We like writers to be contrary, to stand up to conventions, to assert themselves in opposition to what is quietly and tacitly agreed upon “socially acceptable.” That is, as long as they keep doing it.
When Alice Munro announced recently that she was retiring from writing at age 81, she said she was inspired by Philip Roth’s decision to do the same last year. Roth was 79 at the time, and had won every major American literary prize there is, plus a few others. Munro is no slouch herself, having won the prestigious Booker Prize in 2009 and the Governor General’s Award for Fiction from her home country, Canada, three times.
This might help explain why her announcement of retirement landed her on the front page of the New York Times (at the bottom, admittedly, and only to point readers to the full story in the Arts section, but still). When people like Munro retire, readers are often shocked and may even feel betrayed. How could someone who, to us, is nothing but a writer — and a successful one at that, which automatically places Munro in a coveted position — want to do anything else? If she’s not writing, does she even exist? Who is Alice Munro if not Alice Munro, novelist?

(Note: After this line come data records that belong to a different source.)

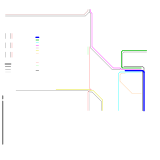 Norrbotten (speculative)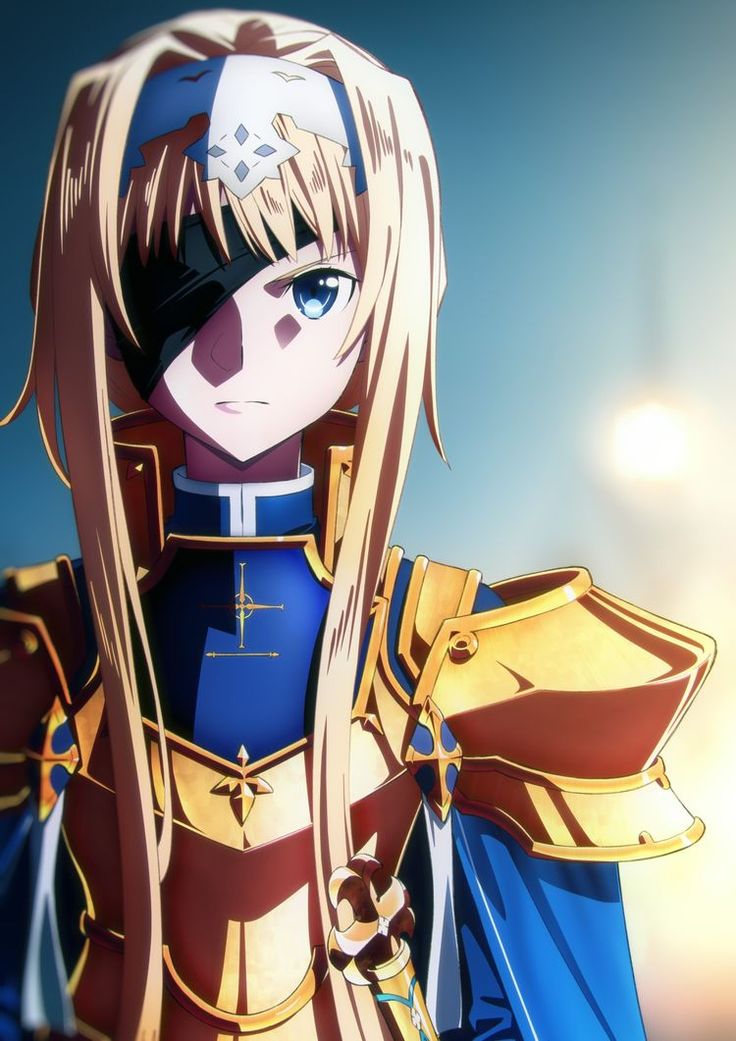 壁紙 のアイデア 12 件 21 ソードアートオンライン Sao アニメ ソードアート 壁紙 のアイデア 12 件 21 ソードアートオンライン Sao アニメ ソードアート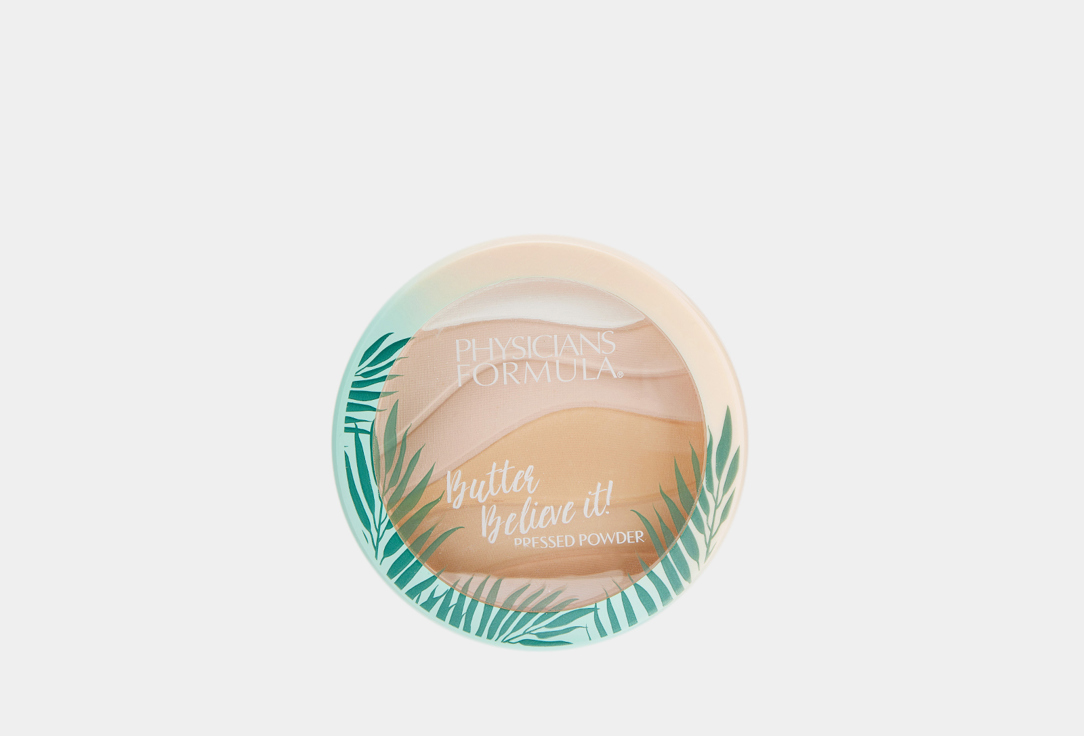 Butter Believe It! Face Powder 11 г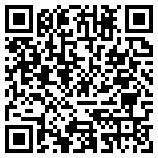 QR Code for Phoenix Lodge in Hayward, CA 94541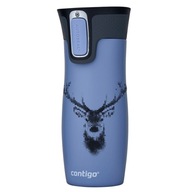 Contigo Termo hrnček West Loop 2,0 470 ml Deer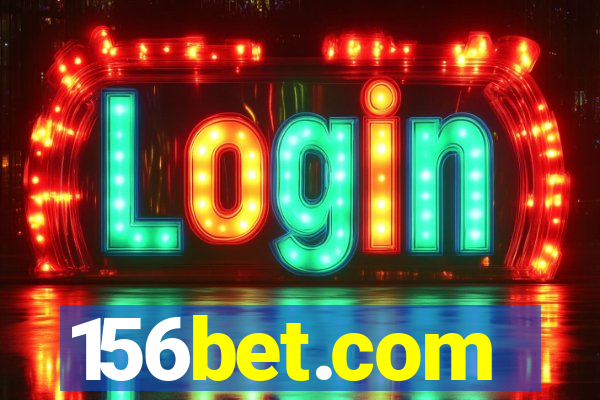 156bet.com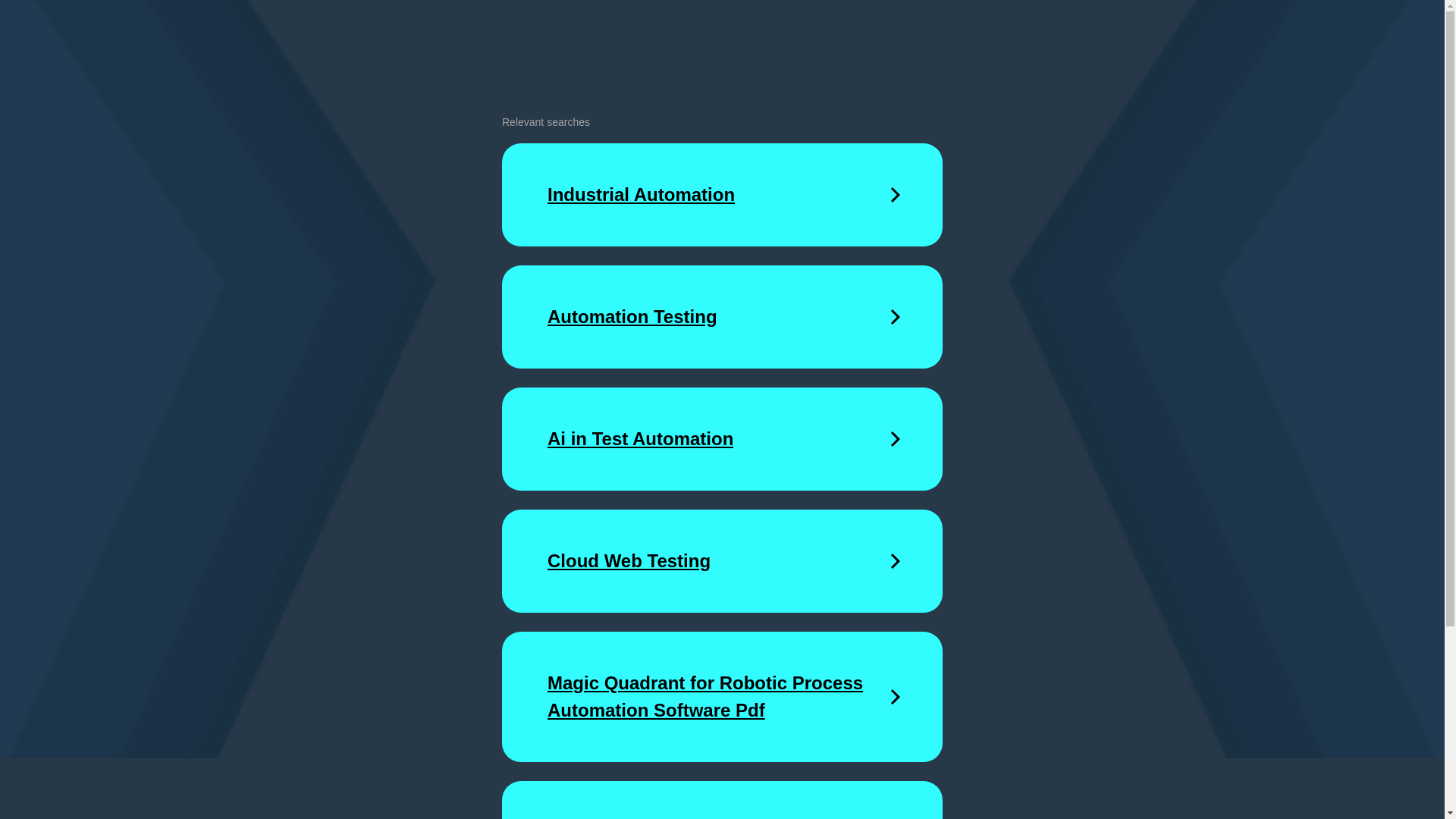 website screenshot of https://automation-tools-software-14852.click/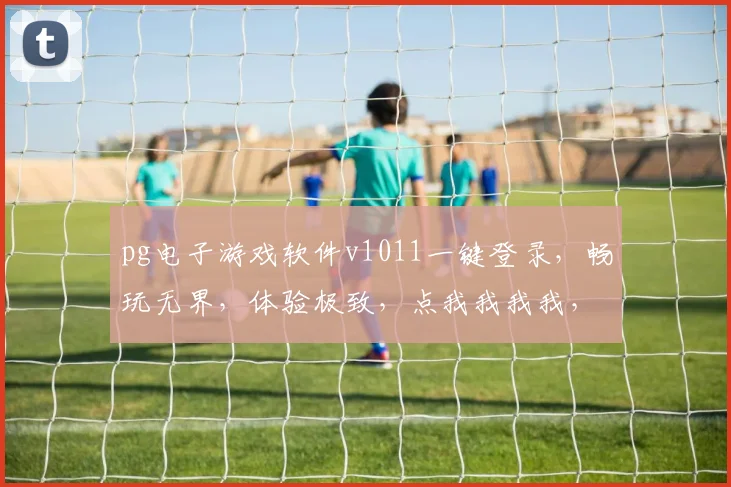 pg电子游戏软件v1011一键登录，畅玩无界，体验极致，点我我我我，尽享中国风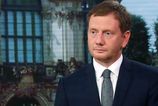 Premier Saskeho krajiny znova vyzyva na obnovenie dodavok energie z Ruska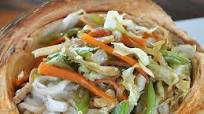 How to Cook Pancit Buko How to Cook Pancit Buko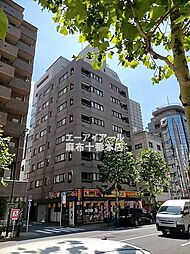 千代田区神田三崎町２丁目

I’ve never read a word by Alice Munro, so I can’t speak to her talents or lament the premature loss of yet another literary voice. I use the word “premature” deliberately, because we have an assumption that as long as a writer breathes, she should be writing too. Only death is an acceptable excuse for not delivering another book, poem, collection of short stories, memoir, or even a series of letters. We expect a prodigious output from our favorite authors and don’t waste time thinking about what they’re doing in the meantime. Sick? They’ll get over it. Lonely? Please. Carpal tunnel? Never thought about that.
It even elicits skepticism about the announcement itself; as soon as people hear an artist is retiring, they start asking if it’s for real.
But why can’t Alice Munro, or Philip Roth, or for that matter, Steven Soderbergh, who also recently announced his retirement from making films, throw in the towel just as acceptably as, say, your dentist? Surely writers too have things they’d like to do besides entering into the dark chasm of creativity virtually every day of their lives. Surely they, too, sometimes just want to watch TV.
It seems obvious that writing, like anything else, is a job that can get exhausting, and that a human being should be free to pursue other things. We’re taught from an early age not to define ourselves by our work, and yet, we hold artists to a different standard. Sure, your dentist has a right to care about something besides your root canal, but a writer — his concern should be the truth. How do you retire from that?
Apparently, by simply telling the world, “Thanks for reading, folks. I’m finally going to learn how to play the piano.” (Or whatever.)
It may just be the most rebellious thing a writer can do.